At any rate, I feel like I am still deserving of a day where I invite everyone I know to a fancy location to watch me parade around in the most beautiful dress they've ever laid eyes on. I want to walk slowly past family and friends, who are *literally* sobbing into their handkerchiefs over the level of preciousness my dress and I are attaining, and stand in front of them on a rotating stage while someone takes photos/videotapes. While eating some catered food, I want family and friends to give toasts to me that contain a healthy balance of wishes of well-being for my future and humorous anecdotes about their memories of me. Is this too much to ask? Probably I don't think so.
I think this idea really begins to take shape if the name of the event is changed from 'My Non-Wedding Wedding Day' to 'Jill's 30th Birthday Party'. This gives everyone plenty of prep time for their toasts and allows me a year and three months to prepare for my death 30th birthday.
Additionally, I feel like this party/event/tasteful circus will hit two birds with one stone. Not only will I hit the 'Wedding Day' bird square in the kisser, but that sneaky '30th Birthday, congratulations you're practically dead, here's a cane and an AARP brochure' bastard of a bird will never see it coming. To ease me into my fourth decade here on Earth (Jesus, fourth decade...I just threw up in my mouth a little), I really feel like family, close friends, and a couple hundred acquaintances that are just there for the eclairs and atmosphere could bring this dream to fruition. Plus, it will be less weird when I hang an 11"x 14" classy portrait of myself in my home if it was from a Tribute/Living Funeral birthday party.

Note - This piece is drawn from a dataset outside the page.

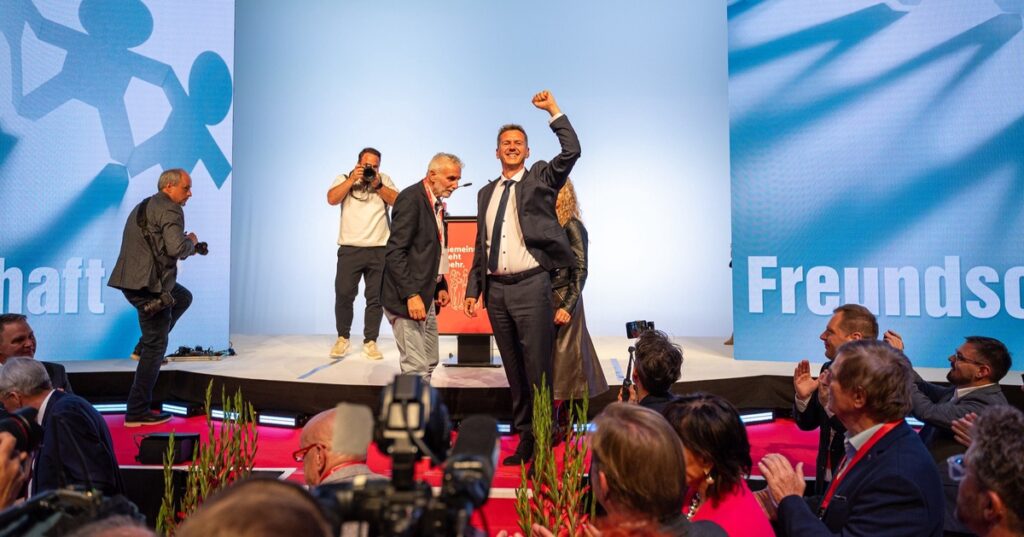 Daniel Fellner zum neuen Parteivorsitzenden gekürt! Daniel Fellner mit 96,39 Prozent an die SPÖ-Spitze in Kärnten gewählt.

You have 15 months to prepare. I expect gifts and a toast from every individual nothing but your warm smiles on that day.
Editor's Note: I realize the amount of self-absorption in my life this article is unsettling a trifle much, however, I took a personality test years ago, and my psychologist said he was honestly surprised the Narcissism measure didn't score higher with me and I'm actually no more self-involved than the next girl. Rest easy.